Maths of ABX tests

Topic: Maths of ABX tests (Read 5417 times) previous topic - next topic

0 Members and 1 Guest are viewing this topic.

Maths of ABX tests

2016-06-01 22:39:56

This is likely due to my naive/limited understanding of statistics, but how does one go about hypothesis testing an ABX test with hypotheses

H_0: p>0.5
H_1: p=0.5

Where p is the probability of a correct choice in an individual ABX trial. Making the number of correct choices in a sample of trials closer to the expectance of a random guess as the significance level is increased.
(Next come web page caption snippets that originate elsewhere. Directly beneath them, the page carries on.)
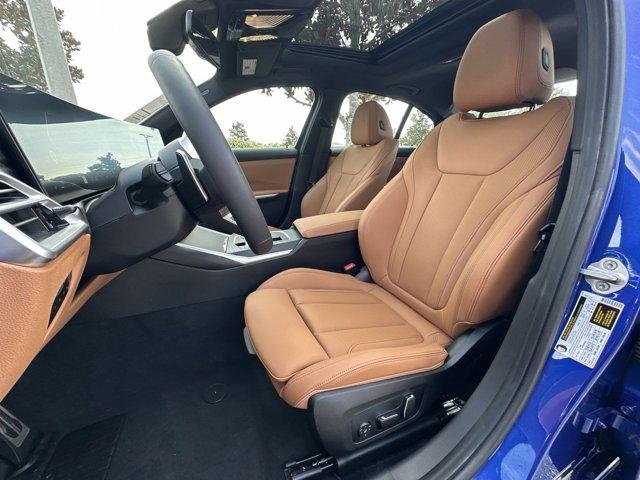 new 2025 BMW 330 car, priced at $54,180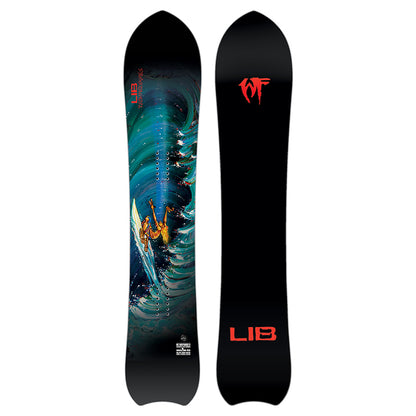 Lib-Tech Men's Mc Wayfinder II Snowboard 2025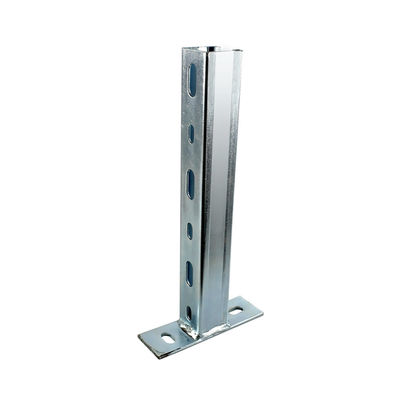 comprar Unistrut Cantilever Brackets 450mm para suporte aço carbono Q235 Single Slotted online manufacture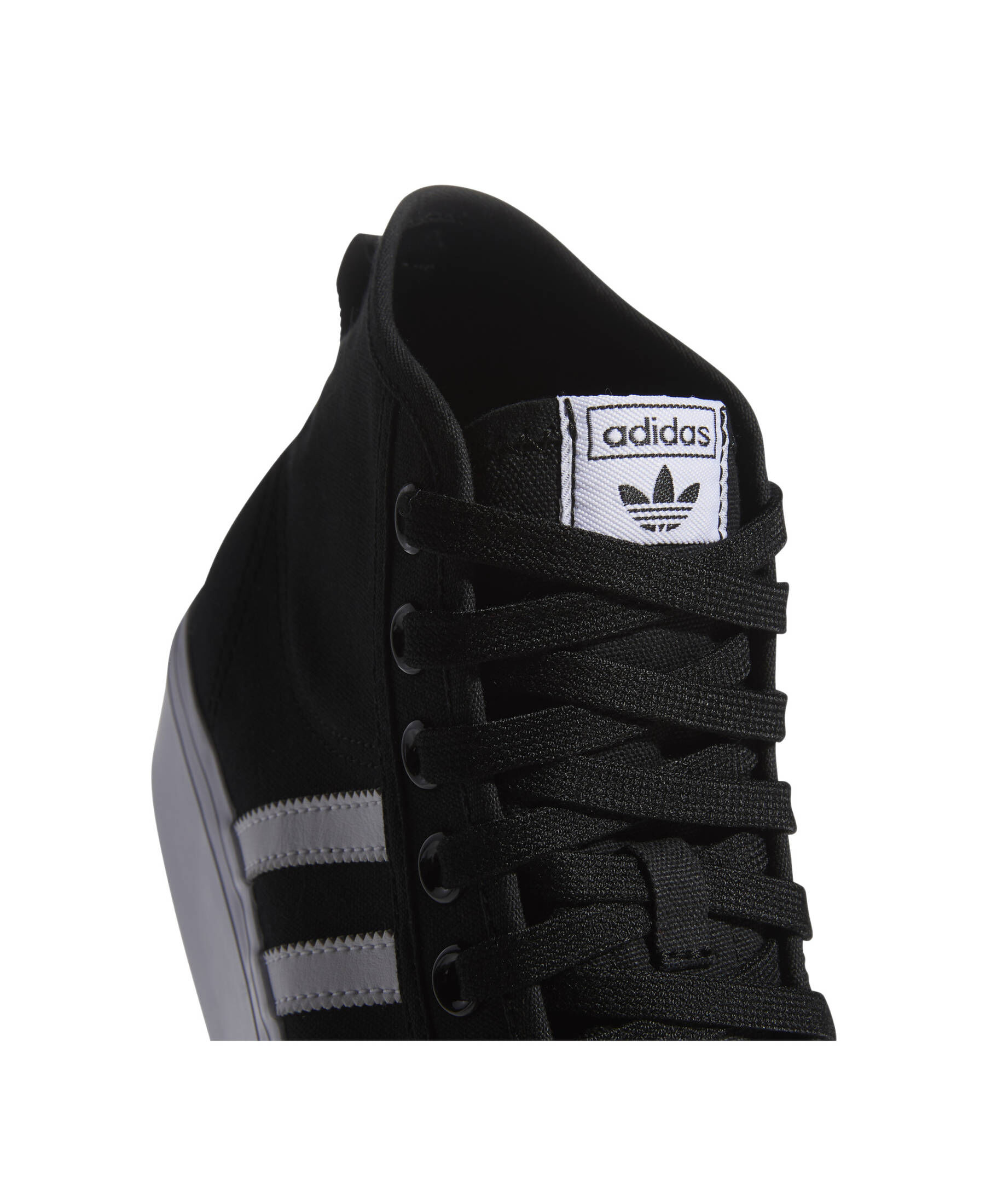 adidas Originals| Damen Lifestyle - Schuhe Damen - Sneakers Nizza Platform Mid Damen Beige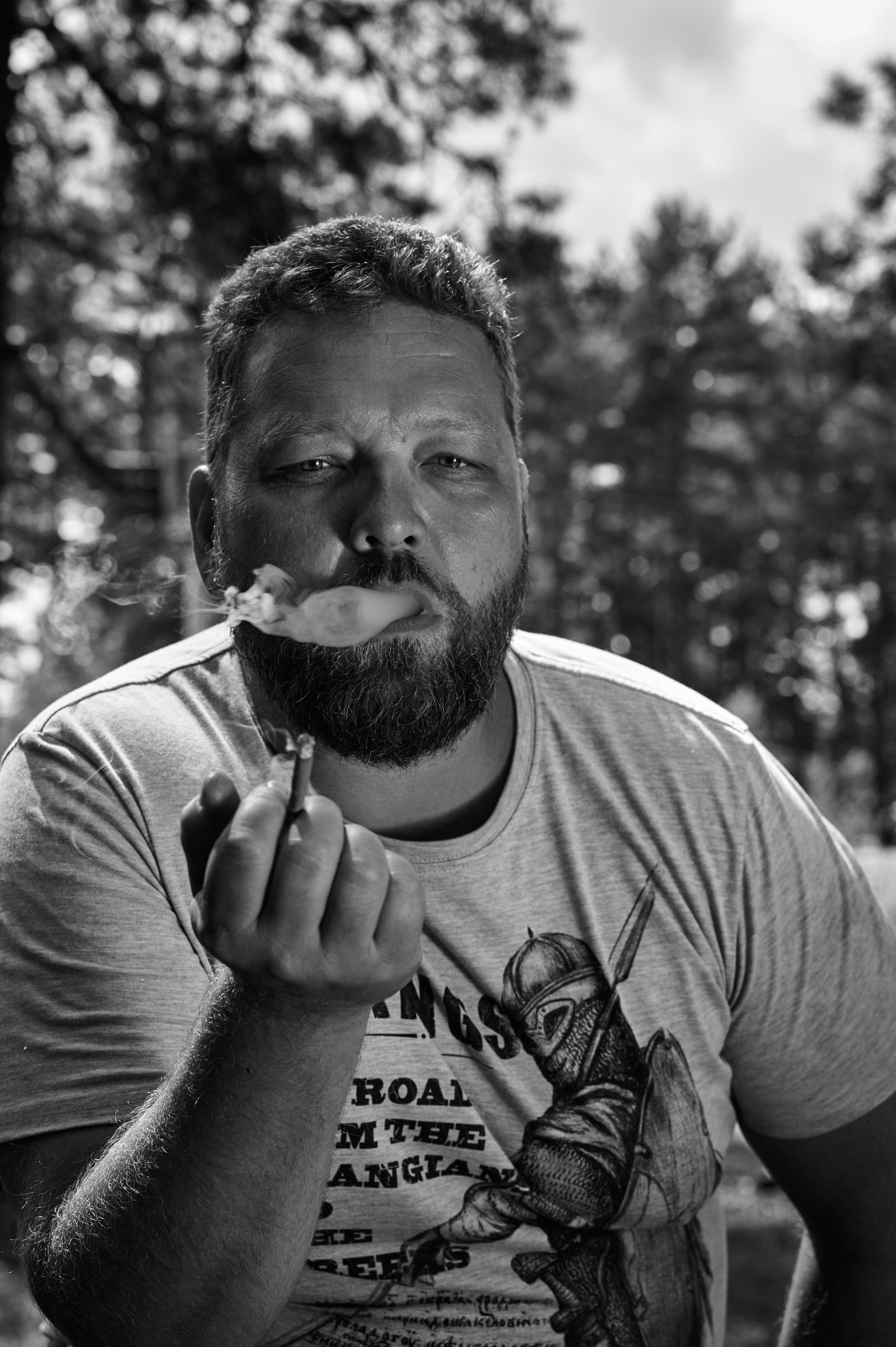 Василий. Портретный фотограф в Москве Айрат Абдуллаев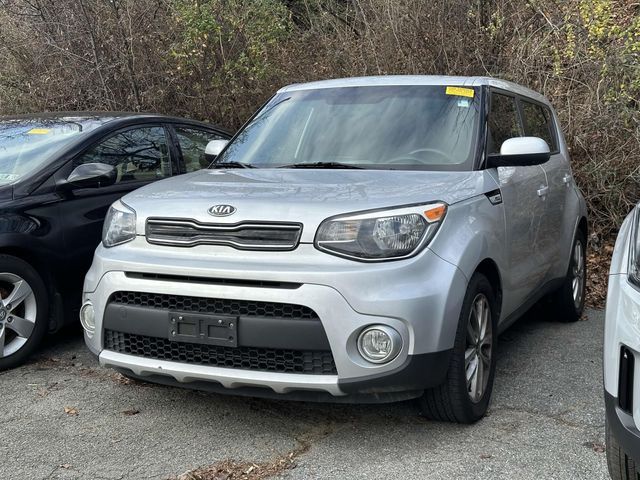 2017 Kia Soul Plus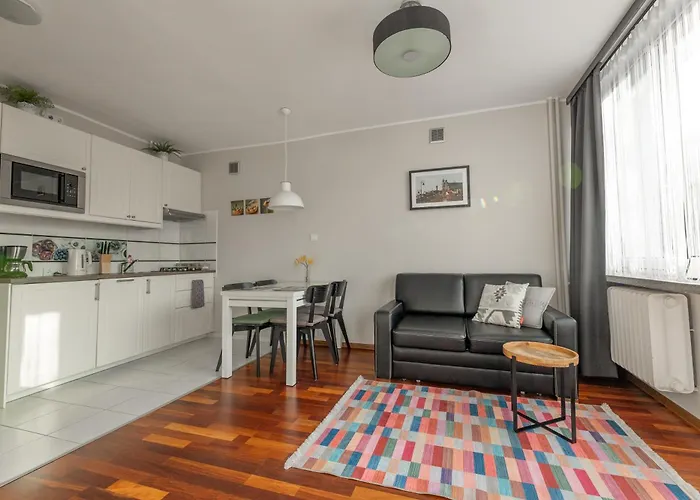 Przytulny Apartament Przy Teatrze Wielkim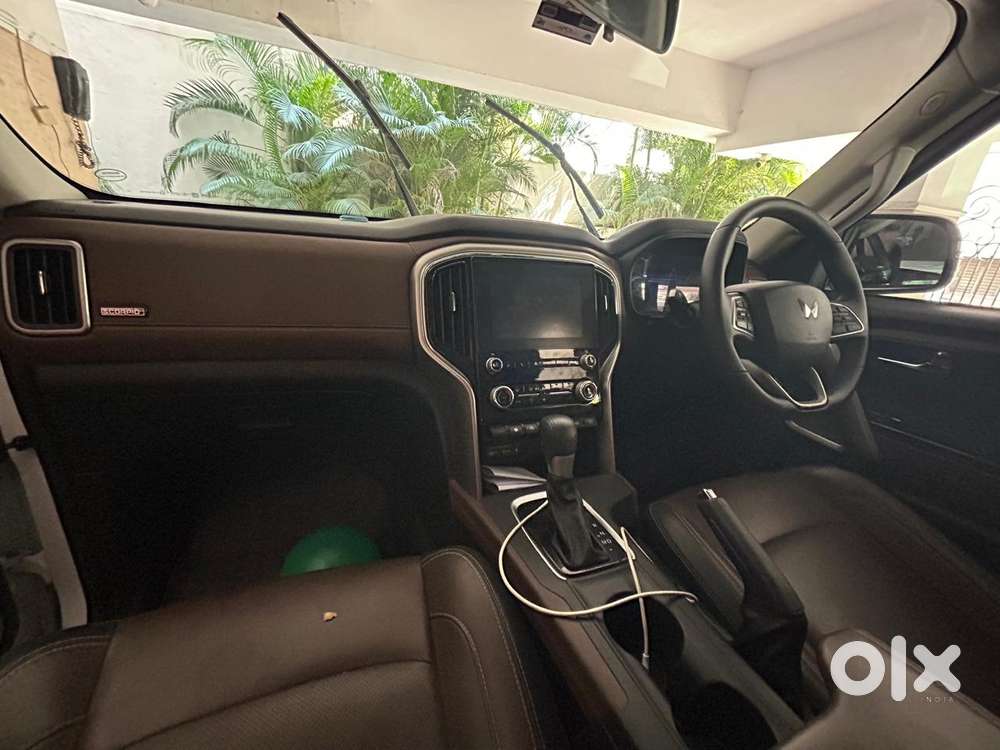 Mahindra Scorpio-n Z8 L Diesel At 2wd 7 Str, 2023, Diesel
This is as opposed to the trivial problem of

H_0: p=0.5
H_1: p>0.5

Due to the intention of the experiment not to determine to the highest level of confidence that A and B are distinguishable, but that they are perceptually identical. I can't fathom as to how one could determine the minimum number of trials required for this to be the case to a specified significance level, or what the distribution for n trials p>0.5, since it does not seem as simple as a mere binomial.

Re: Maths of ABX tests

Reply #1 – 2016-06-02 00:09:37

Quote from: pixelwitch on 2016-06-01 22:39:56

This is likely due to my naive/limited understanding of statistics, but how does one go about hypothesis testing an ABX test with hypotheses

Ah, the old argument from incredulity. If we are deciding a yes/no question in a properly blinded test then the binomial distribution is what applies whether you find it credible or not. Period.

Re: Maths of ABX tests

Reply #2 – 2016-06-02 00:38:46

Quote from: pixelwitch on 2016-06-01 22:39:56

Due to the intention of the experiment not to determine to the highest level of confidence that A and B are distinguishable, but that they are perceptually identical. I can't fathom as to how one could determine the minimum number of trials required for this to be the case to a specified significance level, or what the distribution for n trials p>0.5, since it does not seem as simple as a mere binomial.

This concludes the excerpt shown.